Sophie stared fixedly out of the window as Lucien eased his car to a stop outside her house. It looked somehow unfamiliar and ominous rather than like the haven it used to be. It was a little before ten, and thankfully the street seemed to be treating itself to a Sunday morning lie-in, curtains resolutely closed against the inevitably grey morning. Sophie was grateful. The last thing she wanted was an audience. Lucien in his Aston Martin stood out like a flashing beacon amongst this suburban landscape of paunchy men walking their dogs with family saloons parked on their drives.

She had no clue what to say to him. The latter part of the flight home had been hellish. After she’d seen the photos of Dan with his mistress, all she’d wanted to do was to run away and scream: instead, she’d been trapped. Lying huddled on the bed, she’d turned the events of the last week over and over in her mind. Everything she’d come to think she knew about Lucien had been wrong. He’d used her. He’d identified her as a vulnerable target and taken advantage of her to get his own sexual kicks.

“Sophie, I really am sorry.” Lucien’s voice was low and loaded with regret. “Upsetting you was the last thing I wanted to do.”

She closed her eyes against his empty words. How could he have expected those photos to do anything but hurt her? Except it wasn’t just the photographs of Dan that had hurt. Now, the fresh pain of Lucien’s deceit hurt like hell on top of it all. She’d been a prize fool to let him flatter her into bed. Any last vestige of self-esteem she’d managed to hang onto had dissolved at the thought of how easily she’d been corrupted, of the things she’d allowed to happen.

“I thought it would help you.”

“Help me?” She repeated his words slowly, turning them over in her mind. Because they made no sense. “Tell me, please - because I’m dying to know - how did you think showing me pictures of my husband with his mistress would help me, Lucien? Don’t you think that knowing he’s been seeing someone else hurts enough already?”

He sighed heavily and scrubbed his hands over his face. “I made a mistake.”

“No, I made the mistake, and I’m sorry.” Sophie heard the quake in her voice but she couldn’t hold it steady. “I’m sorry I ever laid eyes on you.” She shook her head in disgust.  “As if it wasn’t bad enough that my husband is having an affair. Now I’ve lost the only advantage I had. I’m as bad as he is.”
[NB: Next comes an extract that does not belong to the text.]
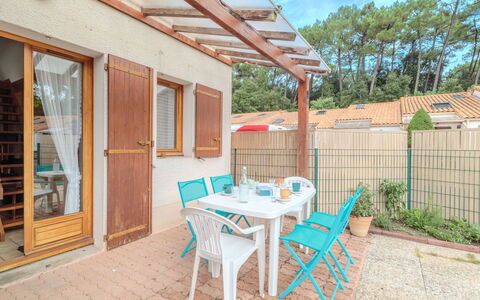 Les Maisons du Lac: Bâtiment, Table, Fenêtre, Ciel, Bois, Plante, Chaise, Architecture, Ombre, Design Intérieur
A bitter laugh rattled through her chest. “And you know what makes it even worse, Lucien? At least Dan looks as if he has feelings for her. He might even love her for all I know.” Her voice cracked and fresh tears tumbled uninvited down her cheeks. “What I’ve done is far, far worse. I’ve let some cold, calculating stranger screw me out of revenge.”  She choked the words out. “Screw me over, more like.”

Lucien stared at her, dull-eyed, his golden skin paler than she’d ever seen it.

“You didn’t do this out of revenge Sophie, you’re so much better than…”

“Don’t tell me what I am, Lucien,” she cut across him. “You don’t really know me at all, not in any way that matters. I did this to hurt my husband. It could have been anyone. It just happened to be you.”

“That’s a lie and you know it,” he said, quietly.